Considering that in Huddle you cant open packs of Limited without paying real money, it creates more resentment from the community when the checklist is jammed into a method that doesnt strike the right notes.
Adding fuel to the previous paragraph, Huddle has elected to use a pattern for their Limited release, that I really dont think is a great idea. There is a jersey number crisis in the NFL, and it doesnt bode well for a set based on that stat. For the first two releases in a marathon leg, they choose players whose numbers are either in the 80s or 90s. Because of NFL rules, that knocks out everyone who isnt a defensive lineman or a receiver/TE. Obviously there are some great players in that category, but historically defense doesnt matter in Huddle, and guys that deserve to be a part of a super premium marathon set are very limited – pardon the pun. So far, we have seen guys like Miles Garrett, Zach Ertz, and others that dont fit along side guys like Dez Bryant and Jordy Nelson at that level.
The next card is a player who is in the 40-50 range, which is even narrower of a scope. We are talking mostly linebackers, with some lineman mixed in. Unlike the receiver bunch, there are practically ZERO players that should have a place in this marathon.
The last card in the leg is a player in the 20-30 range, which has been a running back both times. This is the area they should START to look for their main cards, with a lot of players occupying this space, but having the smallest part of the marathon due to the pattern listed so far. Also, because of this, it means every single one of these players needs to be a home run, and Demarco Murray is definitely NOT that.

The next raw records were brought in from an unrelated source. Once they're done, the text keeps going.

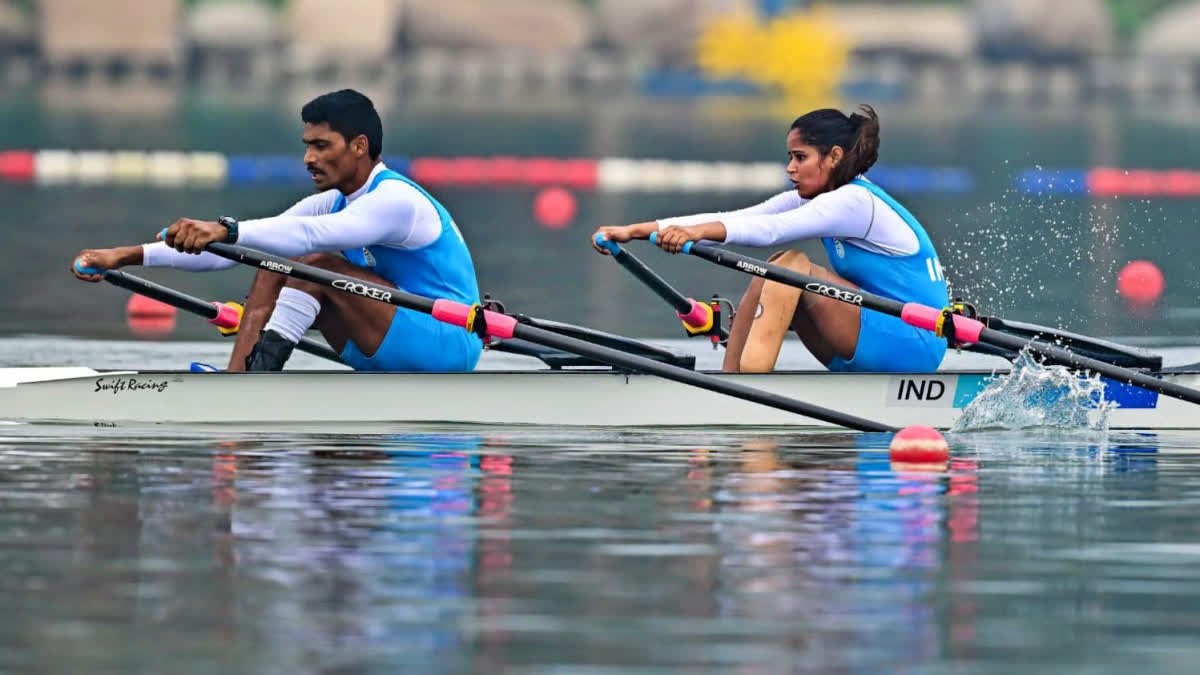 Rowing At Olympics 2024: बलराज पंवार हीट में रहे चौथे स्थान पर, अब रेपेचेज में लेंगे हिस्सा, क्वार्टर फाइनल में जगह बनाने पर होंगी नजरें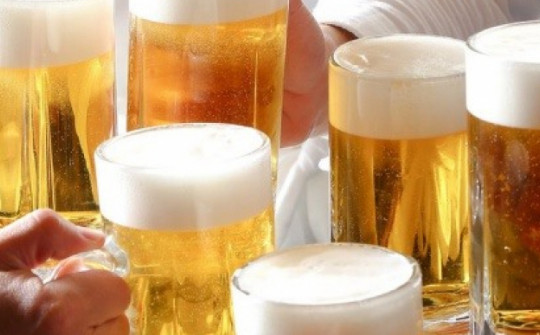Xuất huyết tiêu hóa 8 lần, người đàn ông vẫn uống mỗi ngày 500ml rượu bia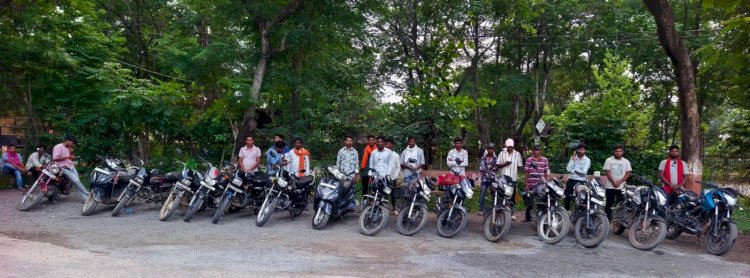 बिना नंबर प्लेट तीन सवारी और पटाखा बुलेट चालको पर कड़ी कार्यवाही 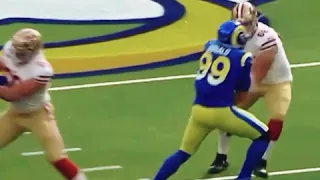 Rams Aaron Donald gets tossed by rookie OL 👀 | #49ers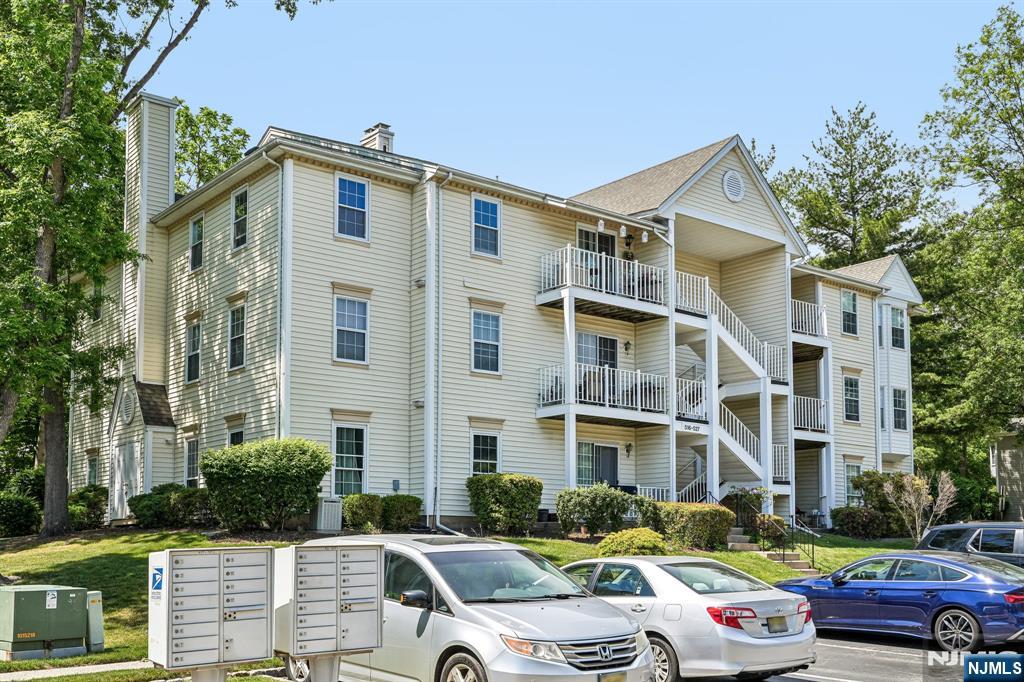 518 Holly Court, Mahwah, NJ 07430 Listing Photo  2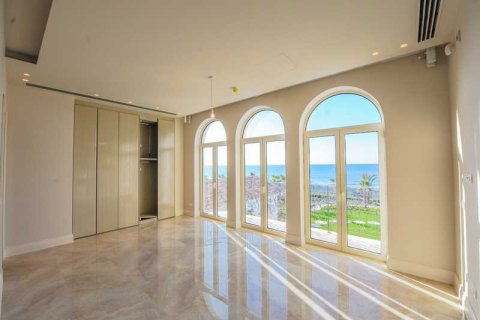 5 bedrooms Villa in Pervolia, Cyprus No. 100402 6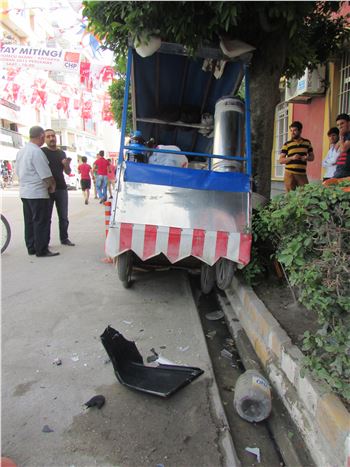 Hatay Erzin'de Şalgam Tablasına Çarpan Sürücü Olay Yerinden Kaçtı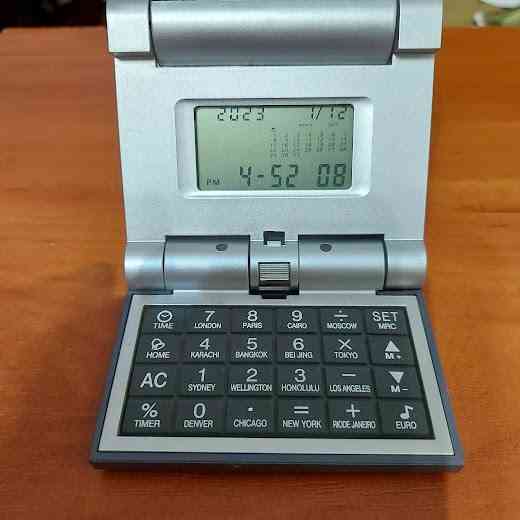 Часы-калькулятор с календарем Луганск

With most of the QBs, faces of the league and top guys being in the 25 range and below, all of a sudden, the conundrum is real. You cant have a limited set based on jersey number in football without ripping out the most important players on the field. I think this fact is slowly sinking in, and hopefully is corrected as the rest of the set plays out.

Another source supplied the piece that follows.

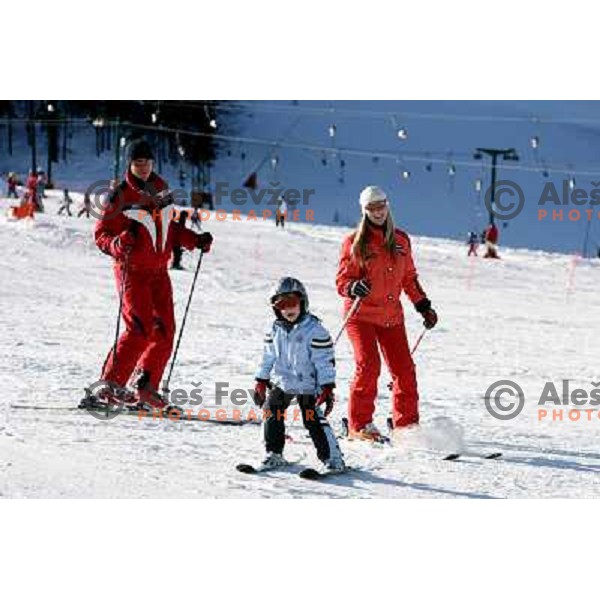 Family skiing in Kranjska gora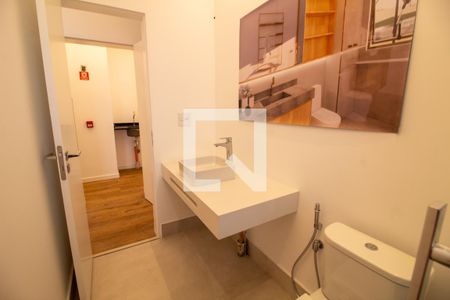 Apartamento à venda com 840m², 5 quartos e 7 vagasBanheiro da Suíte 4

On the Bunt side, we have seen Limited used as what I am labeling as “just another marathon” with a level of player quality I just dont get. There were a few players released this year that I hadnt even heard of, and that’s a problem for a set as premium as Limited is in Bunt.
I get that the team wants to show off their roster knowledge and highlight underappreciated players in the game. My argument is that Limited Series is not the place for that to happen. This is the place where the Giancarlo Stantons of the world get their time in the sun, not Justin Bour.

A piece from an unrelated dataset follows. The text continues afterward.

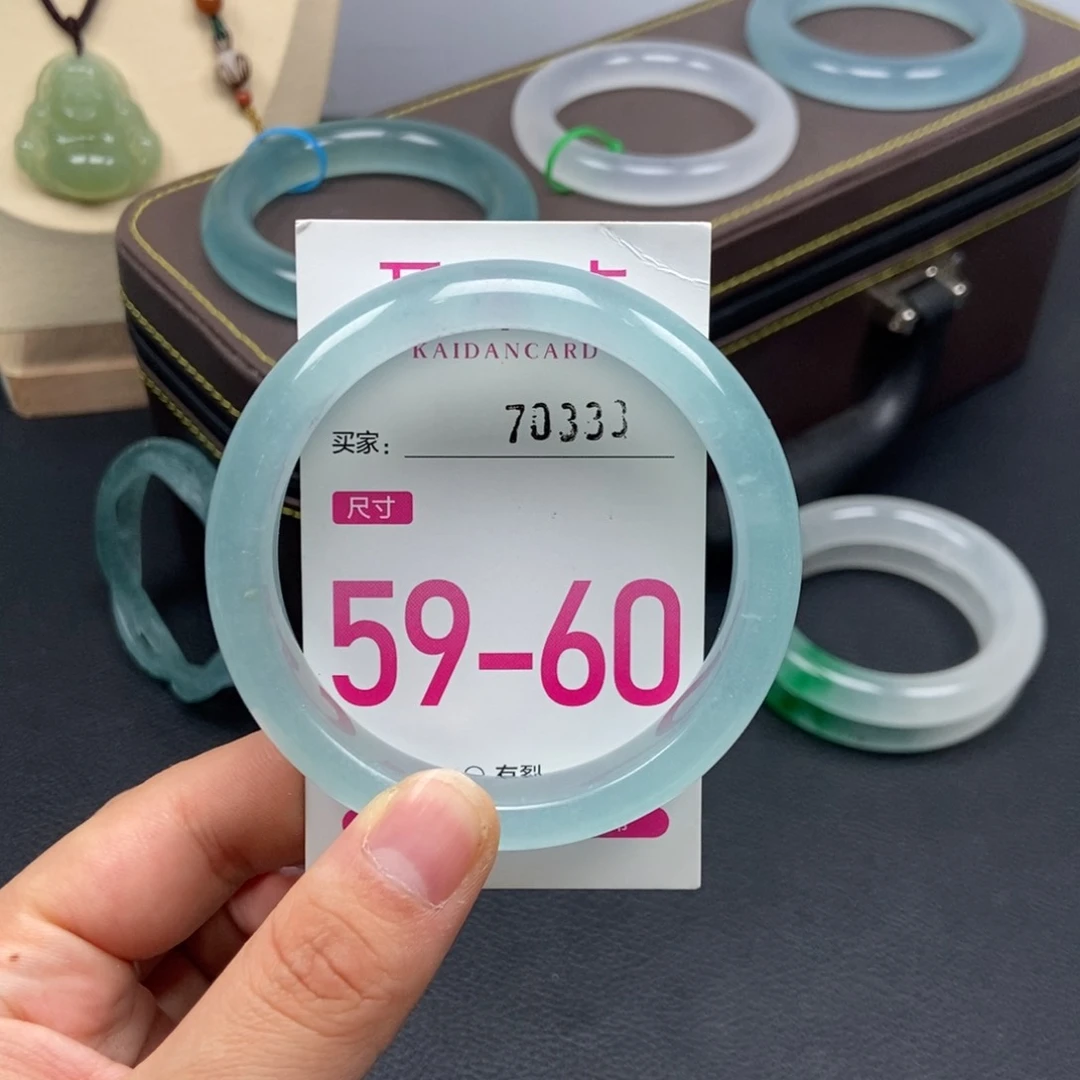 未镶嵌手镯石英质玉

Bottom line, I think the Topps Digital apps got a bit gun shy when building out a variant strategy after the last few years was almost 100% based on them to be successful. As a result, we have seen the pendulum swing almost the entire opposite direction on including parallels in a set release, and that is bad in its own right. The goal of all of our complaining was not to strip away the elements of the sets that made the apps fun. Card counts being displayed, fun variants to chase and trade for, etc. When you remove so much of that element that we are left with what we have right now, its just as bad as it was the other way.
The key is BALANCE.
The team cant use variants/parallels as a crutch, first and foremost. Thats when people get pissed. They also cant remove them completely, because some of the super premium bundles become a slot machine pull when that happens, and the apps arent fun when we are expected to gamble our hard earned money on cards with no tangible presence or functional usage.
Hopefully as both sports inch closer to the offseason, we see a strategy that can focus on bringing back the balance we all loved back in 2014 and before.